- [THE TASK]:
Within the entries below, find the portion that opens with the line containing "Meet your Posher, Stetson" and closes with the line containing "4 نصائح للتعامل". Retype that portion exactly and only.
+++ EXTRACTED RECORDS
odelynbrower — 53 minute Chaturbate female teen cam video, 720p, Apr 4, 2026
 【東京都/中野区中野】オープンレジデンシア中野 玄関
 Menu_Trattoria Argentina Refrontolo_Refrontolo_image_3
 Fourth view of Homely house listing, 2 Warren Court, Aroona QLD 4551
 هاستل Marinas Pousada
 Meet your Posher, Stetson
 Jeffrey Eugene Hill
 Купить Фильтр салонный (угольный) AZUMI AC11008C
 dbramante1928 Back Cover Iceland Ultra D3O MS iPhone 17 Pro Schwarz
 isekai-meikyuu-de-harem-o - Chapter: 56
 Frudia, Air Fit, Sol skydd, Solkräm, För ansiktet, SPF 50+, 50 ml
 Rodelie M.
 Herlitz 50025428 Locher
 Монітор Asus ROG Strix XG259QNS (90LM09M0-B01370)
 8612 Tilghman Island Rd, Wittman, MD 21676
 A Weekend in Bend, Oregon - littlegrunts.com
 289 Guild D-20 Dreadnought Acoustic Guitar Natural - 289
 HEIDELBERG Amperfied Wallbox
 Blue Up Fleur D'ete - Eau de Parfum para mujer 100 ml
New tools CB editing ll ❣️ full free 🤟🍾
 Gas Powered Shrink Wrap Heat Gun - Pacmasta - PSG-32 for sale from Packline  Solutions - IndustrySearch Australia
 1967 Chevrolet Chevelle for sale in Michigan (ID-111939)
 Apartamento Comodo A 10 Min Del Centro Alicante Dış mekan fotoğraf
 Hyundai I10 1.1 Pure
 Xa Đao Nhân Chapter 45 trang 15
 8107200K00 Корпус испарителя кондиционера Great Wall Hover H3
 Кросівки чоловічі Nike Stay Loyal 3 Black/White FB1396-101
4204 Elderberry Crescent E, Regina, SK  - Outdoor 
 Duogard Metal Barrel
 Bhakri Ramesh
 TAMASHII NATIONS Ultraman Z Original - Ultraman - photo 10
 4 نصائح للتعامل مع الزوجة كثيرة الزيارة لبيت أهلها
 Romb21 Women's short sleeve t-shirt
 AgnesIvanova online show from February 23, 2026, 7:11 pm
++++++
- [RESPONSE TO THE TASK]:
 Meet your Posher, Stetson
 Jeffrey Eugene Hill
 Купить Фильтр салонный (угольный) AZUMI AC11008C
 dbramante1928 Back Cover Iceland Ultra D3O MS iPhone 17 Pro Schwarz
 isekai-meikyuu-de-harem-o - Chapter: 56
 Frudia, Air Fit, Sol skydd, Solkräm, För ansiktet, SPF 50+, 50 ml
 Rodelie M.
 Herlitz 50025428 Locher
 Монітор Asus ROG Strix XG259QNS (90LM09M0-B01370)
 8612 Tilghman Island Rd, Wittman, MD 21676
 A Weekend in Bend, Oregon - littlegrunts.com
 289 Guild D-20 Dreadnought Acoustic Guitar Natural - 289
 HEIDELBERG Amperfied Wallbox
 Blue Up Fleur D'ete - Eau de Parfum para mujer 100 ml
New tools CB editing ll ❣️ full free 🤟🍾
 Gas Powered Shrink Wrap Heat Gun - Pacmasta - PSG-32 for sale from Packline  Solutions - IndustrySearch Australia
 1967 Chevrolet Chevelle for sale in Michigan (ID-111939)
 Apartamento Comodo A 10 Min Del Centro Alicante Dış mekan fotoğraf
 Hyundai I10 1.1 Pure
 Xa Đao Nhân Chapter 45 trang 15
 8107200K00 Корпус испарителя кондиционера Great Wall Hover H3
 Кросівки чоловічі Nike Stay Loyal 3 Black/White FB1396-101
4204 Elderberry Crescent E, Regina, SK  - Outdoor 
 Duogard Metal Barrel
 Bhakri Ramesh
 TAMASHII NATIONS Ultraman Z Original - Ultraman - photo 10
 4 نصائح للتعامل مع الزوجة كثيرة الزيارة لبيت أهلها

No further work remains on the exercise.